### Requirement
From the records below, print exactly the lines starting at the one containing "2 bedroom terraced" and ending at the one containing "900 SW 125th", ends included, and nothing else.

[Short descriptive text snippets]
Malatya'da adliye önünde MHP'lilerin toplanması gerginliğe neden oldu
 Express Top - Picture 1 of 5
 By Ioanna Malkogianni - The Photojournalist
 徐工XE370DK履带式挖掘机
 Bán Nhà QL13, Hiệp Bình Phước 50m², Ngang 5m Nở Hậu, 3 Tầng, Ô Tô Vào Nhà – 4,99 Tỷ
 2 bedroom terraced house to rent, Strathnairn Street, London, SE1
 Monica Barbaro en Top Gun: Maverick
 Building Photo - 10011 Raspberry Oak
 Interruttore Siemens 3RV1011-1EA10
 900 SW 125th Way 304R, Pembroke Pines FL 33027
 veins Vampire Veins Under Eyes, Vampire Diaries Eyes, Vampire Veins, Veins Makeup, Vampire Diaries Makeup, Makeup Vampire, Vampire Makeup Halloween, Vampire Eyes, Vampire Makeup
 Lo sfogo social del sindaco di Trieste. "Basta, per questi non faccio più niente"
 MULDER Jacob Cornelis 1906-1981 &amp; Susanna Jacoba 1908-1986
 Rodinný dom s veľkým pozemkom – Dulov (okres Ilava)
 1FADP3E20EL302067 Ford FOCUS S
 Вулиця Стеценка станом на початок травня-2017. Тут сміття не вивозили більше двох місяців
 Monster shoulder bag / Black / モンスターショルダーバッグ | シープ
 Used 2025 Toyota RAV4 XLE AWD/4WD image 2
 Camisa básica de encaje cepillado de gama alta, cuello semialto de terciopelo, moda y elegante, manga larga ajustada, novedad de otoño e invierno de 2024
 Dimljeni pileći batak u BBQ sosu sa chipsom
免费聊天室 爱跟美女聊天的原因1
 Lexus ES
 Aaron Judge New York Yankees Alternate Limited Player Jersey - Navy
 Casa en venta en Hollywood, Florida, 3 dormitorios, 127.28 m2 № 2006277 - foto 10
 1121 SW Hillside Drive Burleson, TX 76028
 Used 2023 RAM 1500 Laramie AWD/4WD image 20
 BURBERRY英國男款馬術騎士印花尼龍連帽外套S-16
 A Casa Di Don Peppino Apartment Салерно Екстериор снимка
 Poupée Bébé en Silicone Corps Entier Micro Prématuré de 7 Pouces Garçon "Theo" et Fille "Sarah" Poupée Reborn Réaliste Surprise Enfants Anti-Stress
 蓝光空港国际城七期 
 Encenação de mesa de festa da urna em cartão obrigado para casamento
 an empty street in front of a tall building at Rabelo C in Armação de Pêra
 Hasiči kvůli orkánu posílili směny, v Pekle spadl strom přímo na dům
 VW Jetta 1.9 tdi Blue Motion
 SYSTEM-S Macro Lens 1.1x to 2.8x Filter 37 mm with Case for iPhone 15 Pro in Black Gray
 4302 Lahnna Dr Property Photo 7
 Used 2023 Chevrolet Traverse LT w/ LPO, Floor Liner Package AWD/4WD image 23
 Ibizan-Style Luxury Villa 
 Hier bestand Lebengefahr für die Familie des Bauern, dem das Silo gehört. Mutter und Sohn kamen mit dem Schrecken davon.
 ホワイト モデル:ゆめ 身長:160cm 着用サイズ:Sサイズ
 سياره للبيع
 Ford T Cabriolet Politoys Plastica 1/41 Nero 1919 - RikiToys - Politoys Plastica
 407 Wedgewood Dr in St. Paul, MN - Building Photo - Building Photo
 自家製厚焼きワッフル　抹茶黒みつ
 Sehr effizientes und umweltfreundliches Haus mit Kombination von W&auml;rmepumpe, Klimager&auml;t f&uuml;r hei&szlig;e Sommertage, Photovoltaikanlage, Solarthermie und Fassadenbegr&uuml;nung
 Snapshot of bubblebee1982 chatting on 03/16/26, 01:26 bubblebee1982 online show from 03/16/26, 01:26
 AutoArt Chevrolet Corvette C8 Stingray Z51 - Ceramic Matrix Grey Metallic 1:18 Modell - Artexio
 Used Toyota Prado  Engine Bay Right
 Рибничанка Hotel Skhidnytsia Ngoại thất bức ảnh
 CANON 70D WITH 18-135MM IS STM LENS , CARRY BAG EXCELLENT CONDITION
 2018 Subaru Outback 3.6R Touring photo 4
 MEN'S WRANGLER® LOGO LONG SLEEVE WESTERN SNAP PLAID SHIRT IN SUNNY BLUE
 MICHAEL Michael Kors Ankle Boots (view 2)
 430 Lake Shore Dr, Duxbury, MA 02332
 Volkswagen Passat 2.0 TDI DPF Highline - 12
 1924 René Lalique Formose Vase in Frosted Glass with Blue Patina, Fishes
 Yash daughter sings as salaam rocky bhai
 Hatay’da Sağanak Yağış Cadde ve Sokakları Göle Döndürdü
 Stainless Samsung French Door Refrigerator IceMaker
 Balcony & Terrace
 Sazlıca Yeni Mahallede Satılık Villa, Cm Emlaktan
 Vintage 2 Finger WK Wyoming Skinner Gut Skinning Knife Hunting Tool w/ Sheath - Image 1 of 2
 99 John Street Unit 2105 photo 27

### Solution to this exercise
 2 bedroom terraced house to rent, Strathnairn Street, London, SE1
 Monica Barbaro en Top Gun: Maverick
 Building Photo - 10011 Raspberry Oak
 Interruttore Siemens 3RV1011-1EA10
 900 SW 125th Way 304R, Pembroke Pines FL 33027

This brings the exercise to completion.